### DATASET EXTRACT
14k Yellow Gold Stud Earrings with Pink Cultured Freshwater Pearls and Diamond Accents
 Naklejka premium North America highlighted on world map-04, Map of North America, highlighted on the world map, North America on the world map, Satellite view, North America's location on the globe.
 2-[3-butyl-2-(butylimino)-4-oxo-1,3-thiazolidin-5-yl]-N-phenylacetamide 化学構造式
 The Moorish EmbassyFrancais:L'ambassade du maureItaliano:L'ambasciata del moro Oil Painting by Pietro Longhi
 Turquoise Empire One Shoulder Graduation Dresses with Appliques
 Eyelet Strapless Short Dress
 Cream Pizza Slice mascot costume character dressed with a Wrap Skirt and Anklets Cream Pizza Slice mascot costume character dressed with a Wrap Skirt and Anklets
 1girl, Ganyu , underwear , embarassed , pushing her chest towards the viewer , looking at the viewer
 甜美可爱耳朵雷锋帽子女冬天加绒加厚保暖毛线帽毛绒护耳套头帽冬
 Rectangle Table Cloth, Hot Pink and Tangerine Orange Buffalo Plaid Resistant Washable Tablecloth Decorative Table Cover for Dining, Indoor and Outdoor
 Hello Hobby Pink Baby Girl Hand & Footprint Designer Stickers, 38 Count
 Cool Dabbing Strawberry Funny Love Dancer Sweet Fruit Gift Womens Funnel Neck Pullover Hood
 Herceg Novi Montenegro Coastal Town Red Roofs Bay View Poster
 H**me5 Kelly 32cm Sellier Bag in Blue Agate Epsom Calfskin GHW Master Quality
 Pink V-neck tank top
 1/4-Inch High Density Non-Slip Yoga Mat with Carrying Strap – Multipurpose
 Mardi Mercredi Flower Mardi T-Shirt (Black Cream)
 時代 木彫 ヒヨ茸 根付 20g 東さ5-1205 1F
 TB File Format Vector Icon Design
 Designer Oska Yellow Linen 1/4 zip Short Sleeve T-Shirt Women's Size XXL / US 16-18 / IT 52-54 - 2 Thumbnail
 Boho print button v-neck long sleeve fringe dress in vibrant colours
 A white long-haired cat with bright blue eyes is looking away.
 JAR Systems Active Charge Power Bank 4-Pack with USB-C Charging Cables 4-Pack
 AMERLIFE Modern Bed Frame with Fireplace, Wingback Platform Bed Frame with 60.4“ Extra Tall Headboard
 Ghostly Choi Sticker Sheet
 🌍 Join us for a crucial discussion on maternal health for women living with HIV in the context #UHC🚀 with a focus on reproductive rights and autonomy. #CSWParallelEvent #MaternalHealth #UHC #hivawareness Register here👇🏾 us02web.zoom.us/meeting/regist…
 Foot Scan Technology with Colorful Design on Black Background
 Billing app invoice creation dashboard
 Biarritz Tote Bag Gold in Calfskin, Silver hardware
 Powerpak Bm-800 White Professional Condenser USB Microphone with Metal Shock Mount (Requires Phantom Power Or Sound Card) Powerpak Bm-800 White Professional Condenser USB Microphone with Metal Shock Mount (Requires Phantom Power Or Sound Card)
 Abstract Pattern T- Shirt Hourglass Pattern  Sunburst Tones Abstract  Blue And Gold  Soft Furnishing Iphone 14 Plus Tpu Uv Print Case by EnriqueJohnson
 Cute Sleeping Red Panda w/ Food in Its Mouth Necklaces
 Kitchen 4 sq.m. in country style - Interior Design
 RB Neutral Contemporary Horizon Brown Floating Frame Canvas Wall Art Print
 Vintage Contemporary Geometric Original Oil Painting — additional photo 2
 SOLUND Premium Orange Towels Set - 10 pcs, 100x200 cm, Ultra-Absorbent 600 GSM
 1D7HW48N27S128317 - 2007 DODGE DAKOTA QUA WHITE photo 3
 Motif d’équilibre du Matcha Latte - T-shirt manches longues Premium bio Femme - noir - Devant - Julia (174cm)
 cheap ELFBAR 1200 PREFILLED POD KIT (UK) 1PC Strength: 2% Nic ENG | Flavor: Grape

### ACTION ITEM
Among the lines above, find those that contain the word "Short" and copy them.

### RESULT
 Eyelet Strapless Short Dress
 Designer Oska Yellow Linen 1/4 zip Short Sleeve T-Shirt Women's Size XXL / US 16-18 / IT 52-54 - 2 Thumbnail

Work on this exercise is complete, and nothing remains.